THIRD B-29 RAID ON TOKYO
Tinian, Mariana Islands · December 3, 1944
On this date in 1944 eighty-six B‑29 Superfortresses belonging to XXI Bomber Command, a unit of the U.S. Twentieth Air Force, left the northwestern Pacific Mariana Islands base on Tinian on their third Tokyo bombing mission. Ten days earlier 111 of these heavy bombers had launched the first raid on Japan’s capital since Lt. Col. Jimmy Doolittle’s sixteen B‑25 medium bombers inflicted minor damage thirty-one months earlier. Results of the November 24 raid were discouraging for both sides: only 48 of the 240 bombs dropped on the Nakajima Aircraft Company’s engine plant at Musashino in Tokyo’s arsenal district struck their target, and Japanese suicidal ramming aircraft, lacking guns and armor plate, failed to make a dent on the first B‑29 strike on their capital.
The December 3 target, today’s target, was again the Musashino aircraft factory. Though 85 percent of the Superfortresses attempted to hit their primary target, just 2.5 percent did. A late-December raid on the same complex produced worse results: only six bombs landed within 1,000 feet of the target. Not until January 19, 1945, when 38‑year‑old Maj. Gen. Curtis LeMay, a veteran of both the German and China-Burma-India theaters, assumed operational command did the bombing program begin producing dramatic results—this the result of changing tactics from high-level (20,000‑plus feet), high-explosive daytime bombing runs over industrial targets to low-level (5,000–6,000 feet) nighttime incendiary runs over urban-industrial areas. In just two of these nighttime raids on Tokyo, on February 24/25 and March 9/10, 1945, hundreds of B‑29s laid waste to more 300,000 buildings and homes over a 17‑square‑mile area.
It was not all smooth flying, even when the first P‑51 Mustangs from the newly acquired airfields on Iwo Jima began escorting B‑29s (April 7, 1945). As part of the first of two days of saturation bombing on Japanese cities in mid-May, 472 B‑29s dropped 16,000 tons of napalm and oil bombs on Nagoya, the center of Japan’s aircraft industry; 77 failed to return, or one out of six Superfortresses.
On August 1, 1945, in the biggest air raid yet over Japan, 820 Superfortresses dropped 6,632 tons of high-explosive and incendiary bombs on four cities, bringing the total number of Japanese cities incinerated to 56. The last B‑29 raid on Japan—this on Tokyo now more than 50 percent rubble and ruin—took place on August 10, 1945, one day after a single bomb from a single B‑29 had incinerated Nagasaki.

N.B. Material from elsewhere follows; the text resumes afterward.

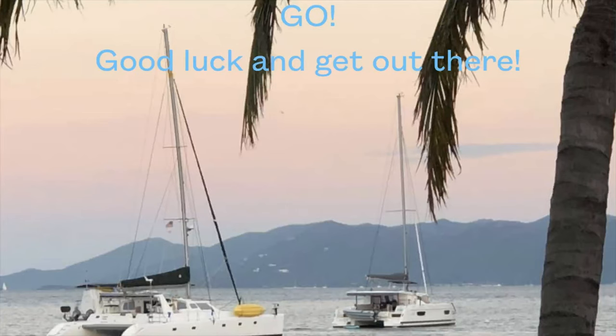Thanks for watching. We really hope you want to boat shop too and that this gives you some tips on how you can do that. Good luck as you shop, and maybe we'll see you out there. The only time is now, so get after it — make all the fun mistakes we have, because we only get one life, so let's enjoy it and go live it.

Bombing of Tokyo, 1944–1945
Left: Charred remains of Japanese civilians after the March 9–10, 1945, firebombing of Tokyo (Operation Meetinghouse). Around 1,700 tons of bombs were dropped by 279 B 29s and roughly 16 sq. miles of the city were destroyed. The U.S. Strategic Bombing Survey estimated that nearly 88,000 people died in this one air raid and resulting Dante-esque firestorm, 41,000 were injured, and over a million residents lost their homes. Another estimate is that the Japanese capital suffered more immediate deaths than either Hiroshima (70,000–80,000) or Nagasaki (40,000–75,000), which were targets of atomic bombings on August 6 and 9, 1945, respectively.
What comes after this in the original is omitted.